-------- SOURCE DATA

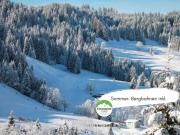 Apartment Baldo by Interhome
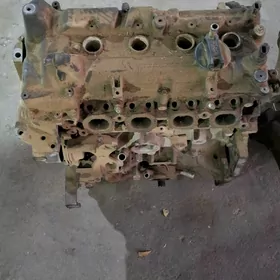 VERSA gujuk wersa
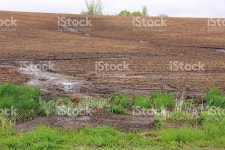용수 흐름을 농장 필드 함양하십시오 하락 스톡 사진 525739208 | iStock A heavy spring rain creates a temporary river that... 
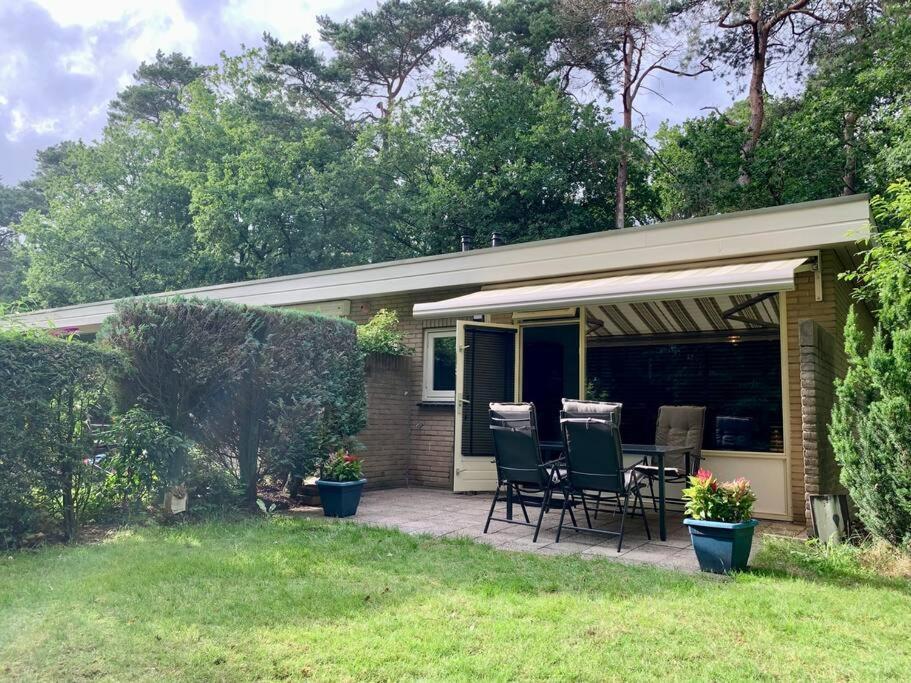 Sluwe Vos: Ontspannen In Het Bos! *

----------------

◆ **EXERCISE REQUIREMENTS**: Repeat the listing above word for word and leave its images out.

◆ **RESULT OF THE EXERCISE**:
 Apartment Baldo by Interhome
 VERSA gujuk wersa
용수 흐름을 농장 필드 함양하십시오 하락 스톡 사진 525739208 | iStock A heavy spring rain creates a temporary river that... 
 Sluwe Vos: Ontspannen In Het Bos! *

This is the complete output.